Datawiz said.. o
By myself I use jack lines and harness with crutch strap and that's even when in the harbour ( yes I look like a d@ck head ) but if I don't get used to wearing it when it's calm I'm sure when it's rough it's ten times harder .
You don't look like a d@ckhead - you look like a sailor acknowledging the risks and taking responsibility for his own safety. Hopefully, the days of the unwarranted macho image that some emotionally immature yobbos like to attach to sailing are fading, as they get a bit more real.
regards,
Allan
Without wanting to be too controversial, let's look at it this way.
The last time (as far as I can recall) anyone was killed going overboard from a yacht in Sydney was about 1999. Since then, according to the Gemba report, there would have been something like 6 million individual sailing days on the Harbour, with (as far as I know) any death.

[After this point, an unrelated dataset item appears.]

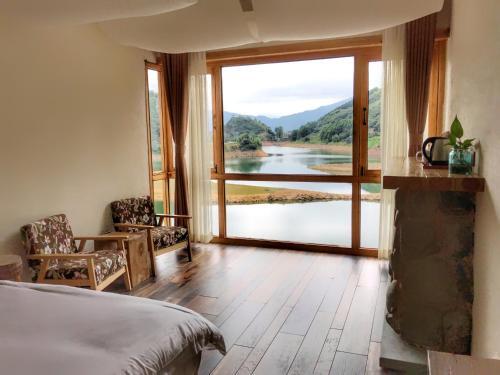 Ханчжоу: Deyishe Warm Night Lakeview Homestay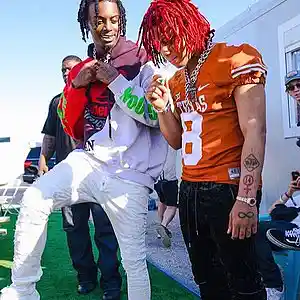 Picture for song 'Sexy Cult' by artist 'Brentin Davis Beats'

Therefore a typical person on the Harbour has a one in six million chance of being killed through going overboard. That is an incredibly tiny chance - about the same chance as being killed by walking 6 km, if I have my sums right. So how much safety equipment do we have nearby when walking 6ks? Most Sydney sailors would seem to have as much chance of being hit by an asteroid as they have of being killed by falling overboard on the harbour, according to what I can see from NASA and the Gemba report.
Therefore, competent sailors who do not normally wear protective gear on the harbour are NOT "emotionally immature yobbos", but rational people who understand the risks.
Do you wear safety equipment to protect you from other risks that are in the region of 6 million to one? Have you seen how much safer you would be wearing a bicycle helmet sitting down to dinner at home? That will almost certainly reduce your death of an early death much more than wearing a harness etc on a typical day on the harbour!
PS - I think the last sailor to die after going overboard in Sydney was hit by the boom - arguably if you are going to wear a harness you should also wear a helmet since the risks of death by each are probably roughly similar. And of course not neither of them are anywhere near as likely as having a heart attack.